▸ What needs to be done
Please return each entry exactly as it appears, but not the pictures.

▸ Task data
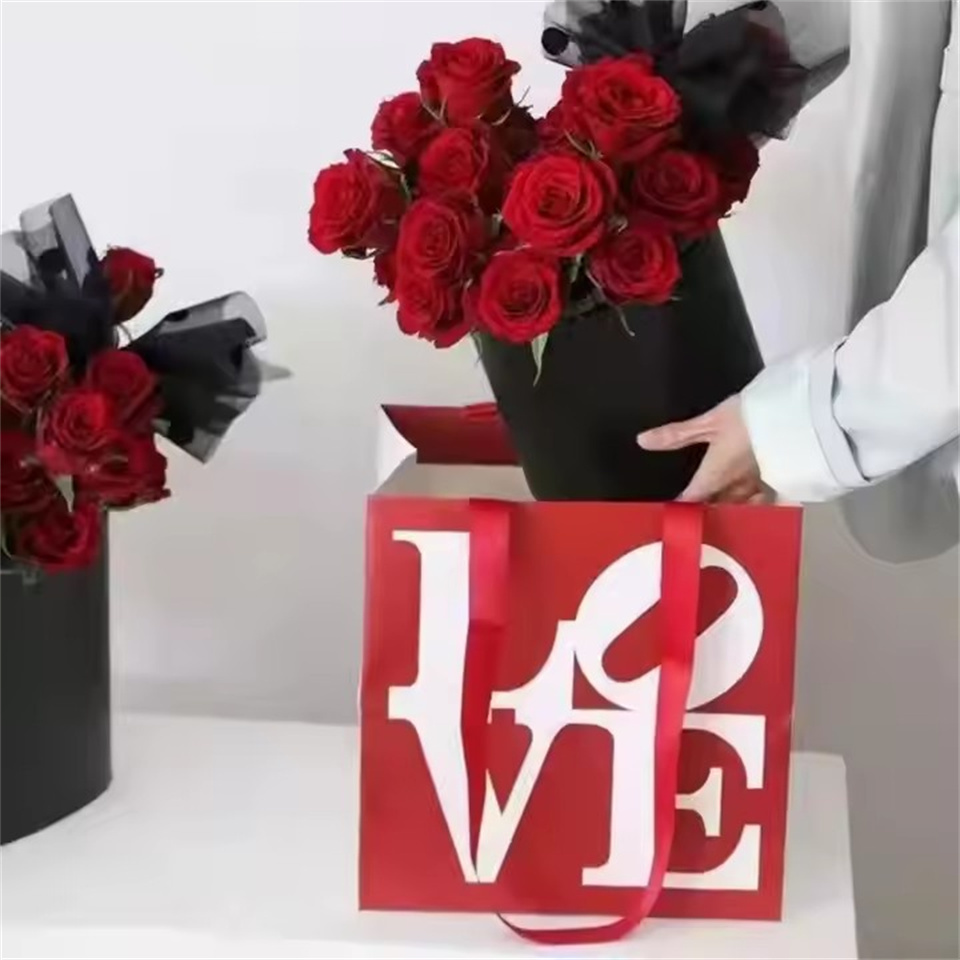 Flower paper bag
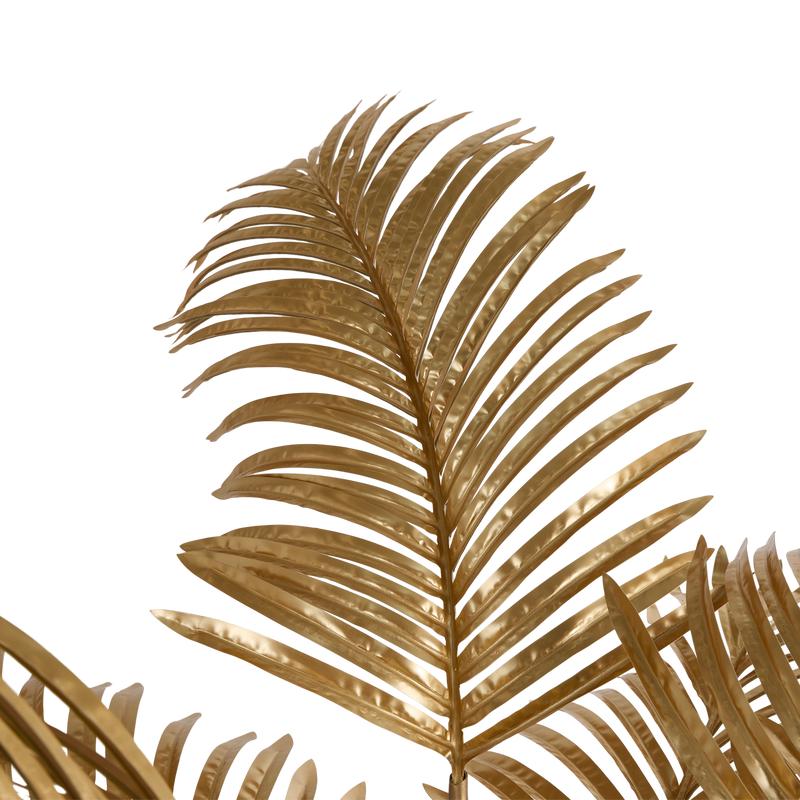 Luxe kunstpalm - Goud close up blad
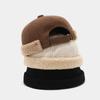 LDSLYJR 2025 Hiver Polyester Imprimé Chapeau Docker Chaud Sans Visière Bonnet Casquette de Propriétaire Marin Hommes et Femmes 218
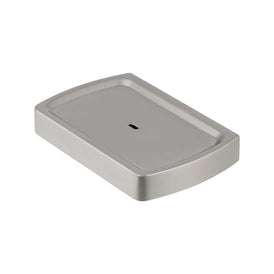 Mixx Sandalwood Soap Dish - Gun Metal-Blue Leaf Bathware &amp; Tiles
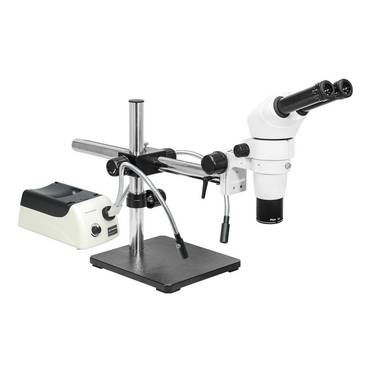 8-50X Halogen Light Boom Stand Binocular Parallel Zoom Stereo Microscope PZ02040125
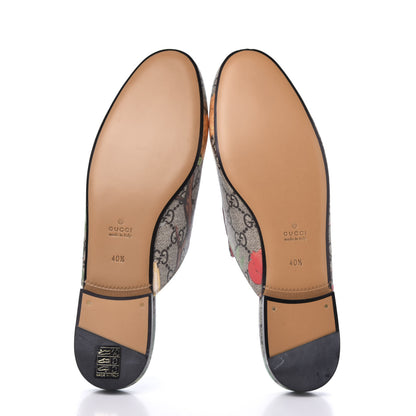 Gucci GG Supreme Monogram Tian Womens Princetown Slippers 40.5 Beige Ebony Multicolor 5 of 8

▸ Solution to this exercise
 Flower paper bag
 Luxe kunstpalm - Goud close up blad
 LDSLYJR 2025 Hiver Polyester Imprimé Chapeau Docker Chaud Sans Visière Bonnet Casquette de Propriétaire Marin Hommes et Femmes 218
 Mixx Sandalwood Soap Dish - Gun Metal-Blue Leaf Bathware &amp; Tiles
 8-50X Halogen Light Boom Stand Binocular Parallel Zoom Stereo Microscope PZ02040125
 Gucci GG Supreme Monogram Tian Womens Princetown Slippers 40.5 Beige Ebony Multicolor 5 of 8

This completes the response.